Or, they might wait until the most efficient opportunity to fix bugs. For example, suppose there are several annoying, but not horrible, automation bugs. If a company is planning to overhaul automation in the next release, they may not bother fixing bugs that won't be relevant in a few months.

Companies are often not transparent about software because it's too easy to think it's possible to do something, only to find out it's much more complex than anticipated. Announcing something and then not being able to do it is more negative to users than not promising something in the first place. Beta testers know that sometimes features are dropped at the last minute because of some unexpected issue. Conversely, sometimes a new, unanticipated feature gets slipped in because someone figured out a way to do something clever.
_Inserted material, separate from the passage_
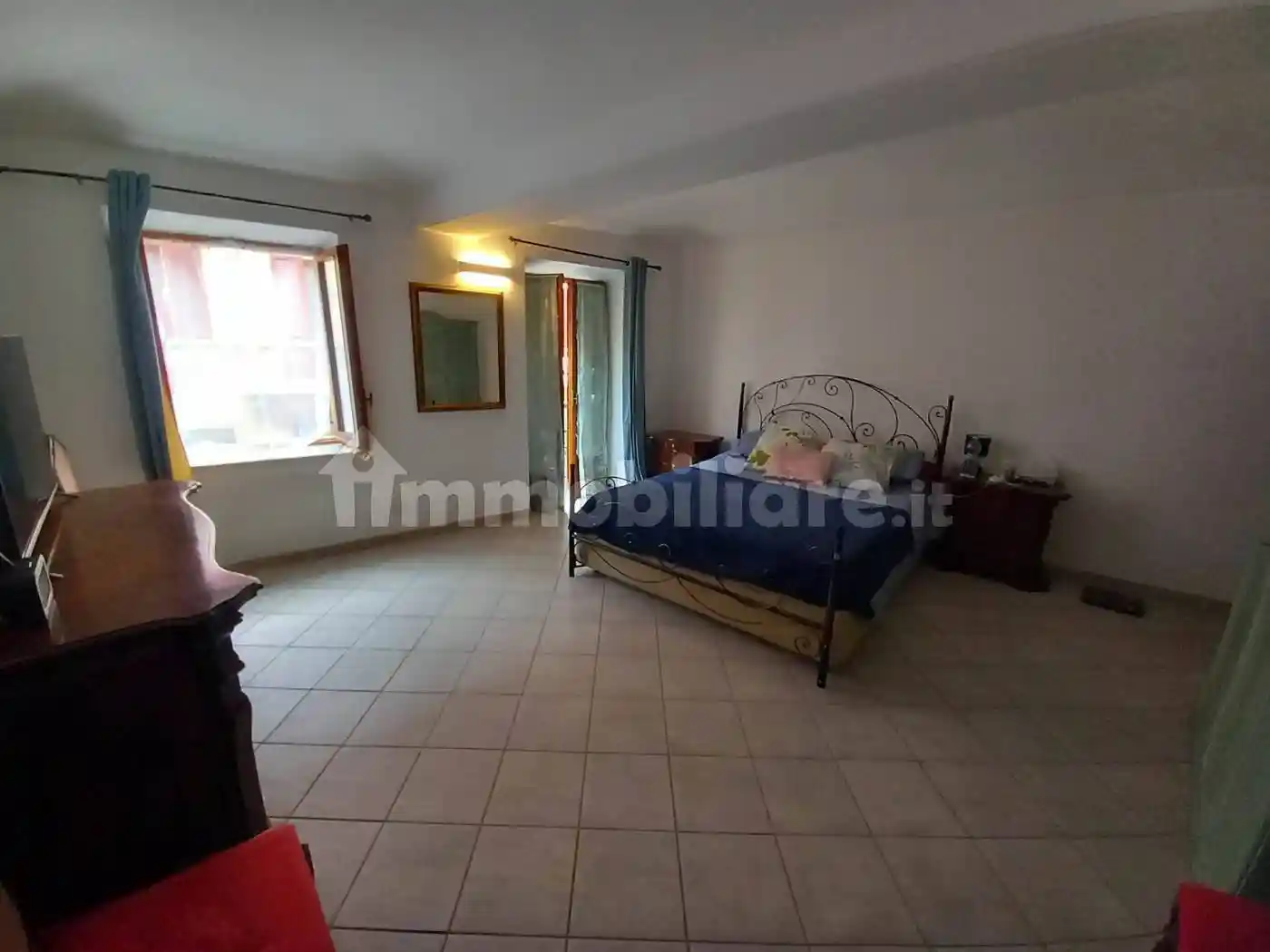 Trilocale via Roma  15, Centro, Castelnuovo Don Bosco - foto 3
Again, I can't code, but to me it looks like a hellishly complex task to wrestle with hundreds of thousands (or millions!) of lines of code that all interact with each other. If Apple and Microsoft can't get it right with billions of dollars of resource, I don't expect smaller companies to surpass what giant corporations with unlimited resources can do.
 
Hi

Didn’t Presonus say they were going to roll out 4 major updates per year?

Considering it’s April and we are on version 7.1 that gives Presonus only 8 months to release 3 new major updates….
I'm pretty sure there will be no 4 major updates this year.
 
I'm pretty sure there will be no 4 major updates this year.
And do not forget - Studio One V7 - came out on Oct 9, 2024.
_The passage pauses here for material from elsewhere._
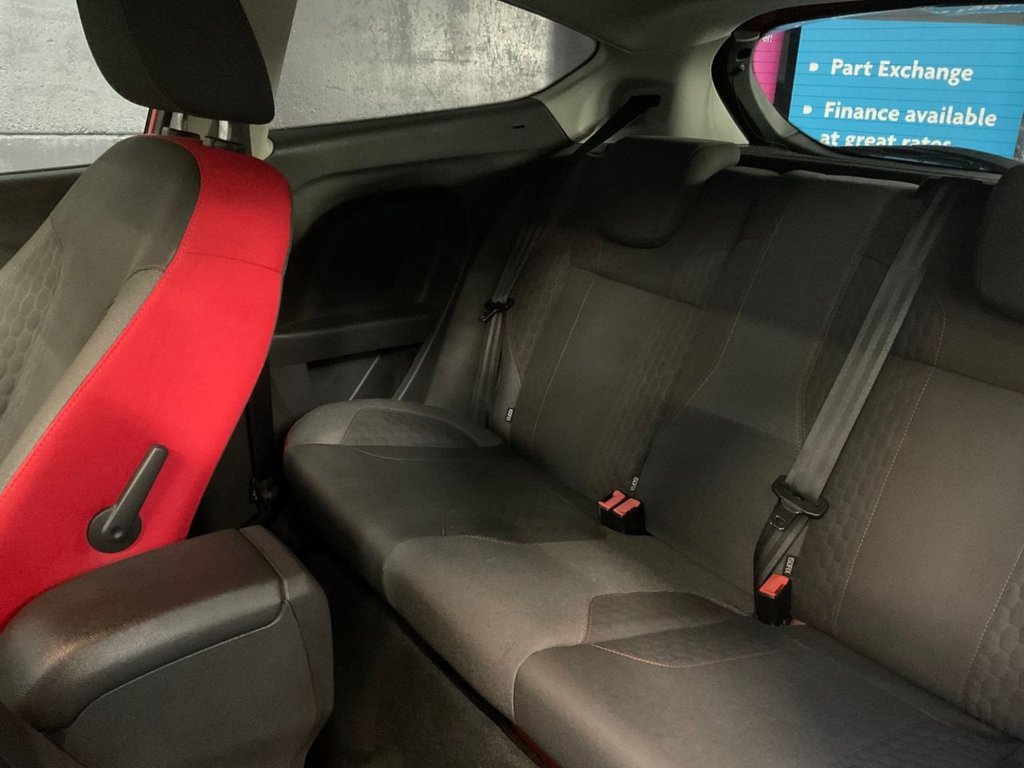 Used Ford Fiesta 2014 for sale - 77667133: Photo 39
So it's first real "year" is coming up in less than 5 months now.

VP
 
A "ticket" (in my world) can only come in via customer support. It is analyzed - and sent to a queue for the DEV team to review - if the issue warrants it. What they do with it and how they categorize it for priority and so on - is up to them. And ONLY them.

But from that moment on - once a existing ticket for an issue has been cataloged - any further "tickets" for the same issue are quickly scanned for new data (if applicable) and then deleted.



When I speak of any "open website" - like say a forum discussion where an S1 issue blows up as soon as it's discovered and then travels like wildfire from one forum site to the next - this of course is not a "ticket" for Presonus DEV.

This would be a known rampant fault - effecting possible hundreds of thousands of users all at the same time. It is an issue that Presonus DEV would be made aware of VERY quickly by either forum employees, colleagues at other companies, emails and countless other vectors.

These are real time discovery that could need immediate work - and if serious enough - a very fast hotfix.

But regardless of severity - these usually still only need a single "ticket". Logged and catalogued like all the others.

To close - it is very important to remember - often what appears to be a major "issue" to a user - is usually far from it for a typical DEV team.

In my case - at my company - even if somehow users were able to submit 178 tickets for a single issue - and those 178 tickets actually reached the DEV team - that still means nothing in the scope of priority or when an issue gets looks at. DEV (where I work anyway) has their own view of the world and how everything fits into it - no amount of "pressure" - via a huge pile of tickets - is going to fundamentally change how they approach an issue. Unless it is a showstopper - where the app/system simply cannot be used for it's intended purpose.

Presonus DEV of course - will have their unique way of working - but I am guessing it is not far from the above.

VP
Yes. I think our teams work in similiar ways, just the language making a mess really. BUT, in my world a ticket can be created by another team that is in need (or have found a bug) in code that is owned by our team.

And yes, a "ticket" is handled the same way at my place. But the amount of customers contacting customer service is seriously taken in consideration when prioritizing. So in my world, the OP still has a point :)

I'll stay silent now. Thanks for the discussion.
 
I wonder how many developers are still on Presonus' Studio One team. Maybe the new payment scheme resulted in poor revenue and there were layoffs, or perhaps some key developer resignations that impacted key features that were part of the next release.

There's got to be a reason they haven't been able to deliver on promises and are keeping silent.
 
I wonder how many developers are still on Presonus' Studio One team.
The number of developers is actually growing - and they're hiring.

There's got to be a reason they haven't been able to deliver on promises and are keeping silent.
PreSonus generally doesn't communicate publicly about upcoming updates or features until they’re ready to release something. So it's not unusual or cause for concern. And yes, a new update is coming soon.